Marcello Veneziani, La Cappa. Per una critica del presente, Marsilio ed., pagg. 204, euro 18,00.
Marcello Veneziani chi è?
Laureato in filosofia all’Università di Bari, inizia la carriera di giornalista nel 1977 collaborando al periodico Voce del Sud di Lecce. Nel 1979, entra nella redazione barese del quotidiano Il Tempo. È giornalista professionista dal 1982, dopo il praticantato a Il Giornale d’Italia, il quotidiano romano diretto dal deputato democristiano Luigi D’Amato. Ritenuto uno tra gli intellettuali di spicco della destra italiana, Veneziani ha significativamente tentato di rivalutare, in diverse pubblicazioni, l’operato del pensatore tradizionalista Julius Evola. In diverse sue pubblicazioni Veneziani ha sviluppato una dura critica alla globalizzazione, incentrata in particolare sul profilo culturale.

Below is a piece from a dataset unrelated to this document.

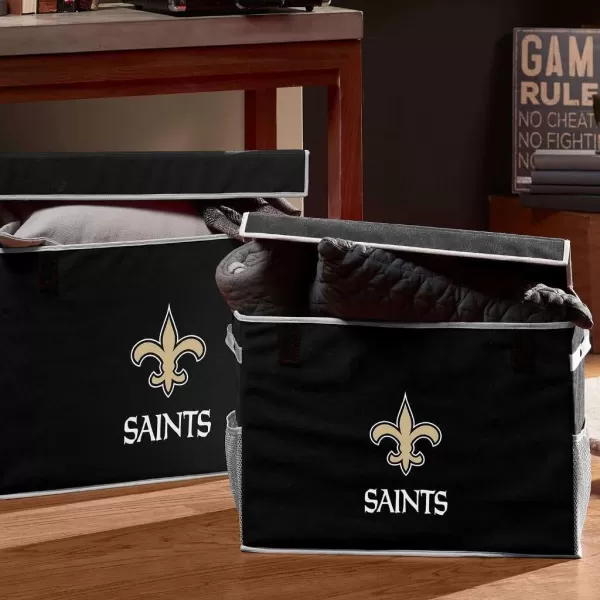 Franklin Sports NFL Storage Footlocker Bins  Large Folding Organizer Containers  NFL Team Office Bedroom  Living Room Dcor  Large  Small BinsNew Orleans Saints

Veneziani sostiene la tradizione patriottica e cristiana dell’Europa contro la filosofia del mondialismo e quella che ha più volte definito “retorica dei diritti umani”.
Carriera giornalistica
Nel 1981, all’età di 26 anni, assume la direzione del gruppo editoriale Ciarrapico-Volpe-La Fenice, incarico che mantiene fino al 1987. Scrive a lungo su Il Giornale, collabora con Il Messaggero, La Repubblica, La Stampa, il Secolo d’Italia, L’Espresso, Panorama, Il Mattino, La Nazione, Il Resto del Carlino, Il Giorno e La Gazzetta del Mezzogiorno. Redattore del Giornale Radio Rai di mezzanotte, prende parte a vari programmi televisivi e da vent’anni collabora come commentatore della Rai. Nel 1981 fonda a Roma Omnibus, mensile edito da Giovanni Volpe, che organizza il dibattito “La tolleranza nella cultura”. La rivista naufraga dopo il primo numero. Dal 1985 al 1987 dirige il bimestrale Intervento. Nel 1988 fonda il mensile di cultura Pagine libere, che dirige fino al 1992. Successivamente fonda e dirige settimanali come L’Italia settimanale (1992-1995), periodo in cui parallelamente dà vita alla Fondazione Italia, e Lo Stato (1997-1999) che poi si fonde con Il Borghese, del quale diventa direttore editoriale insieme a Vittorio Feltri. Il sodalizio con Feltri, iniziato con L’Indipendente, continuato nel 1994 con il passaggio di Feltri al Il Giornale, prosegue nel 2004 con Libero e dall’agosto 2009 di nuovo con Il Giornale fino a febbraio 2015. È stato membro del consiglio di amministrazione della Rai durante la XIV legislatura e membro del consiglio di amministrazione di Cinecittà. Dal 2016 al 2018 è stato editorialista del quotidiano romano Il Tempo. Attualmente è editorialista de La Verità e di Panorama. Nell’estate 2019 debutta a San Felice Circeo nei Giardini Divini alla Corte con uno spettacolo intitolato “Un mare di miti”, prodotto da Angelo Tumminel.
I saggi
Marcello Veneziani ha pubblicato moltissimi saggi. “La rivoluzione conservatrice in Italia”, “Processo all’Occidente”, “Comunitari o liberal”, “Di Padre in figlio”, “Elogio della Tradizione”, “La cultura della destra” e “La sconfitta delle idee” editi da Laterza. Con Mondadori ha scritto “I vinti”, “Rovesciare il 68”, “Dio, Patria e Famiglia”,” Dopo il declino”. Ha poi scritto “Lettere agli italiani” prima di passare a trattare temi esistenziali pubblicando saggi filosofici e letterari come “Vita natural durante” dedicato a Plotino e “La sposa invisibile”. Con Mondadori ha pubblicato ancora “Il segreto del viandante e Amor fati”, “Vivere non basta”, “Anima e corpo” e “Ritorno a sud”. Ha poi pubblicato con Marsilio “Lettera agli italiani” (2015), “Alla luce del mito” (2016),”Imperdonabili. Cento ritratti di autori sconvenienti” (2017), “Nostalgia degli dei” (2019) e “Dispera bene” (2020). Inoltre “Tramonti” (Giubilei regnani, 2017) e “Dante nostro padre” con Vallecchi, 2020.